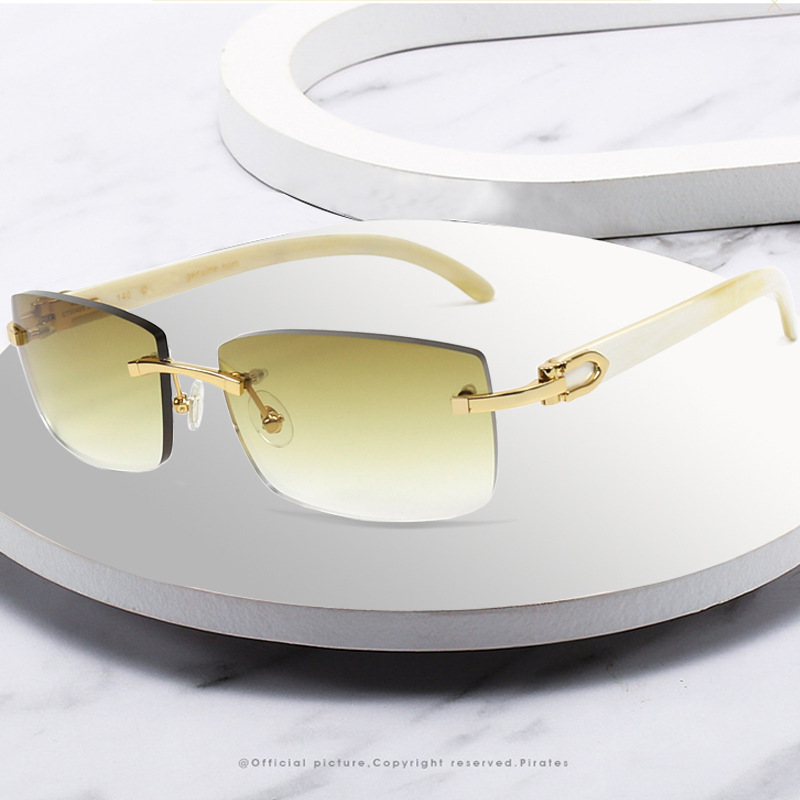Fashion Rimless Sunglasses for Women Men Frameless Shades Buffalo Horn Glasses Rectangle Eyewear Luxury Eyewear Frames Optical Eyeglasses
Fashion Rimless Sunglasses for Women Men Frameless Shades Buffalo Horn Glasses Rectangle Eyewear Luxury Eyewear Frames Optical Eyeglasses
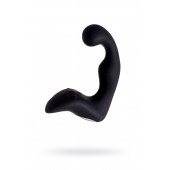 Чёрный изогнутый вибростимулятор простаты Erotist - Erotist Adult Toys - в Сергиевом Посаде купить с доставкой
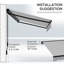 Brayden Studio 295cm W x 200cm D Polyester Cover Motorised Retractable Patio Awning-288892946-285709665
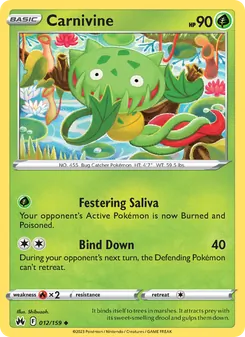 Carnivine (Crown Zenith #012/159)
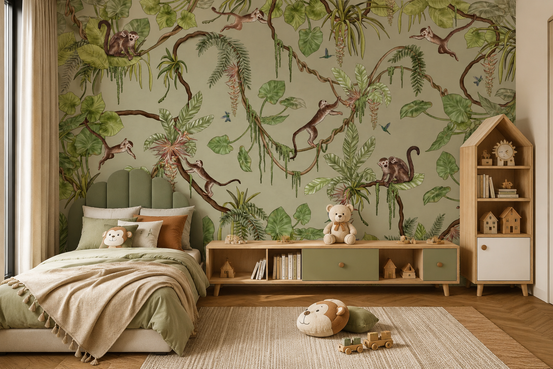 Jungle Jamboree Wall Mural GD6269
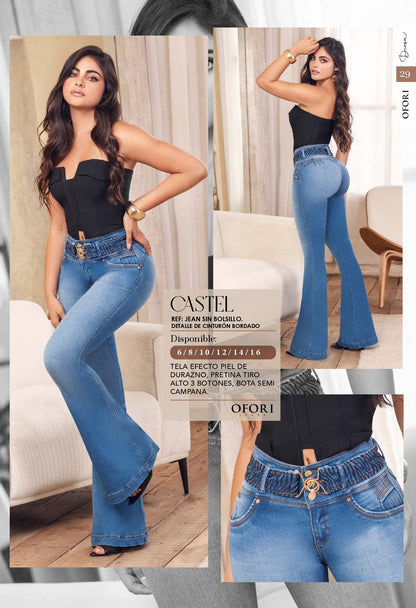 Castel 100% Authentic Colombian Push Up FLARE Jeans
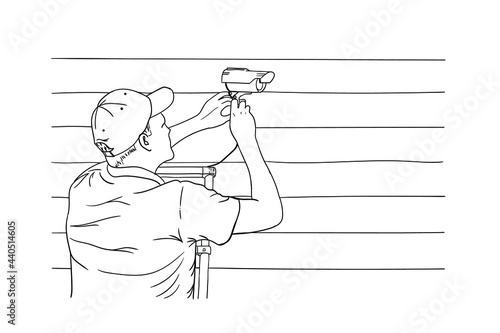 A technician is installing CCTV cameras in a house. Methods for monitoring environmental conditions to prevent crime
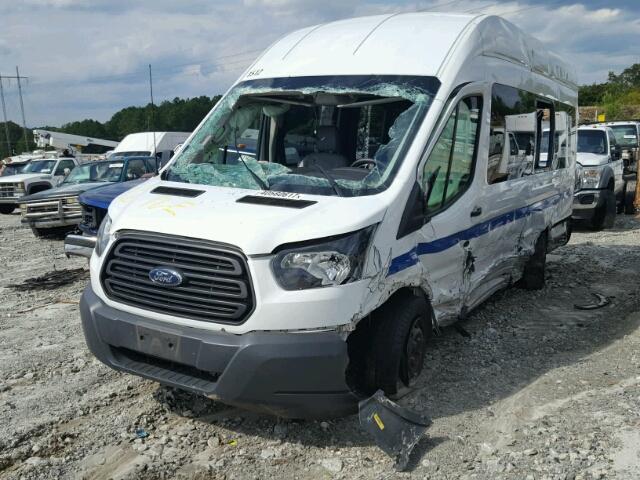 1FTBW3XM3GKA93306 - 2016 FORD TRANSIT T- WHITE photo 2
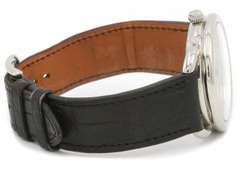 Hermes Arceau Petite Lune 38mm Black Mop Dial Watch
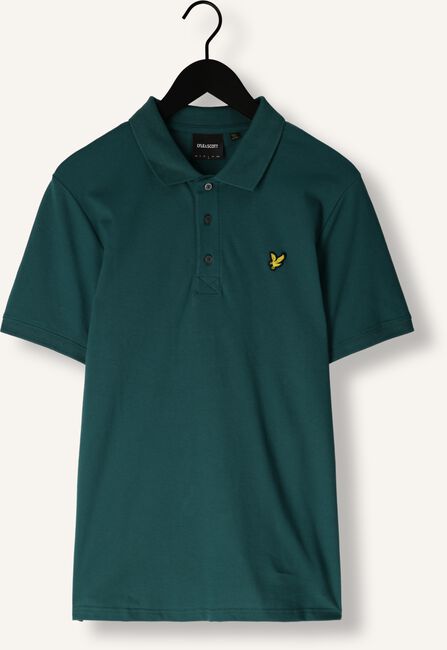 Donkergroene LYLE & SCOTT Polo PLAIN POLO SHIRT Donkergroene LYLE & SCOTT Polo PLAIN POLO SHIRT - large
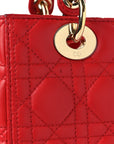 Lambskin Cannage Medium Lady D1OR Red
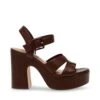 Steve Madden Carisma Sandal BROWN LEATHER -Steve Madden Magasin SM11002483 03001 207 01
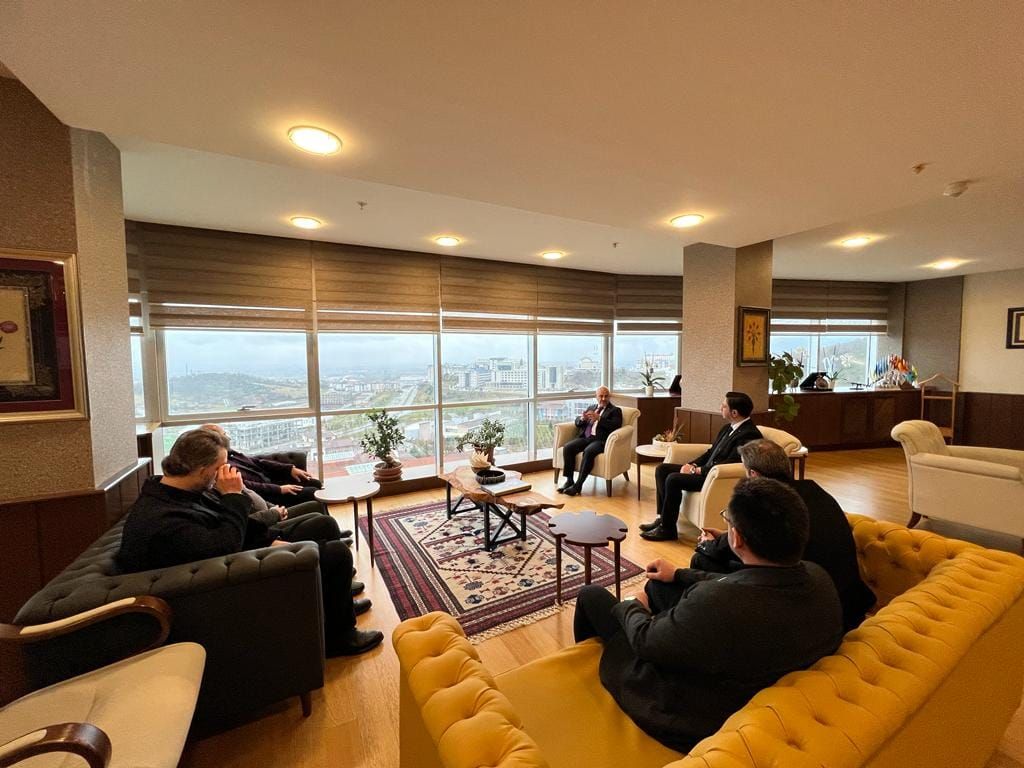  Rektörümüz Sayın Nedim SÖZBİR 'i ziyaret ettik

###

**Work request:** Above are records; write out the lines from the one with "Castel 100% Authentic" down to the one with "Hermes Arceau Petite", exactly, leaving the pictures out.

**Response area:**
 Castel 100% Authentic Colombian Push Up FLARE Jeans
 A technician is installing CCTV cameras in a house. Methods for monitoring environmental conditions to prevent crime
 1FTBW3XM3GKA93306 - 2016 FORD TRANSIT T- WHITE photo 2
 Hermes Arceau Petite Lune 38mm Black Mop Dial Watch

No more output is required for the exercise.